By writing tests with an explicit security focus and adding them to your pipeline, you can pick a lot of low-hanging fruit. If you couple that with the execution of existing tools in an automated fashion, you get a mini pen test you can execute at will and as often as you want. This field is still developing, but we’ll be watching it with interest in the upcoming years because we’re hoping the tools will become more mature and accessible to both developers and QA.

You have now learned the basics of how to automate explicit security testing. In the next section, we’ll take a look at why availability is important and how it relates to secure software.

8.5 Testing for availability

It’s easy to think that the classical security concerns of confidentiality, integrity, and availability (CIA) only apply to information security, but they’re also important when designing secure software.¹⁵ For example, confidentiality is about protecting data from being read by unauthorized users, and integrity ensures data is changed in an authorized way. But what about availability? Many developers find it easy to understand but difficult to test because it concerns having data available when authorized users need it.

For example, suppose a fire breaks out and you call 911 (or 112 in Europe), but your call doesn’t get through, not because you dialed the wrong number but because the switchboard is flooded with prank calls. Not good! Another less serious example is when you’re trying to buy tickets to a popular concert online, and the website crashes or can’t be accessed. Often, this isn’t the result of malevolent behavior, but rather that everyone tries to buy tickets at the same time; people’s intentions are good, but the consequences are equally as bad as those of an evil attack.

Testing availability is therefore something every application needs to do, but how do you do this in practice? One way is to simulate a denial of service (DoS) attack, which lets you understand what the behavior is before and after data becomes unavailable.¹⁶ To do this, you need to start by estimating the headroom.

8.5.1 Estimating the headroom

Estimating the headroom is about trying to understand how much load an application can handle before it fails to serve its clients in a satisfactory way. Typical things to look for are memory consumption, CPU utilization, response times, and so on. But it can also be a way to understand how the application behaves before it fails and where the weak spots are in the design.

Figure 8.4 shows an example of a distributed denial of service (DDoS) attack , where a massive number of parallel requests are made from different servers against an application. Regardless of how many requests are made or how much load they generate, the main objective is to limit the availability of the application’s services. When talking about DDoS attacks, it’s not uncommon to use the more generic term DoS attack. The main difference between the two is that DoS attacks are made from a single server instead of multiple ones. The objective is, however, the same, and from now on, we’ll use the terms DDoS and DoS interchangeably.

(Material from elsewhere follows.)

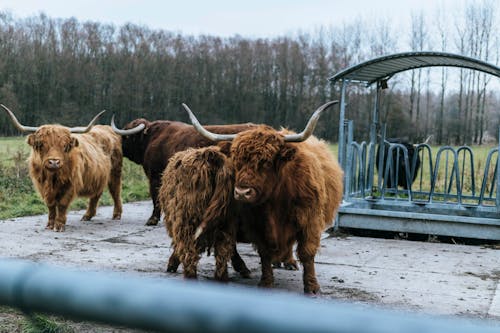Four Brown Yaks Standing Near Shed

figure08-04.eps — Figure 8.4 Denial of service attack (DDoS, but more commonly referred to as DoS attack)

By simulating a DoS attack, you can easily get a feel for how well your application scales and how it behaves before it fails to meet its availability requirements. It’s important to note that regardless of how well a system is designed, an attack large enough will eventually break it. This makes it practically impossible to design a system that’s 100% resilient, but estimating the headroom is a good strategy to use when trying to understand where the weak spots are in your design.

Several commercial products and open source alternatives let you load test your application. One example is “Bees with Machine Guns,”¹⁷ which is a utility for creating EC2 server instances on the Amazon Web Services platform that attack an application with thousands of parallel requests.¹⁸ In listing 8.12, you see an example of how to configure eight EC2 instances that issue 100,000 requests, 500 at a time, against a website.

Listing 8.12 Simple example of configuring a test running a DDoS attack

bees up -s 8 -g public -k your_ssh_key    ①  
bees attack -n 100000 -c 500 -u website_url    ②  
bees down    ③

Regardless of which product you choose, having tests in your delivery pipeline that place your system under a heavy load is an efficient way of flushing out weaknesses that could be exploitable by an attacker in production. But a DoS attack doesn’t require thousands of parallel requests to be successful. Availability could be affected in a more sophisticated way; for example, by exploiting domain rules that execute under the radar .

8.5.2 Exploiting domain rules

When exploiting domain rules , you’re actually creating a domain DoS attack in which rules are executed in a way that’s accepted by the business, but with malicious intent.¹⁹ To illustrate, let’s consider the example of a hotel that has a generous cancellation policy.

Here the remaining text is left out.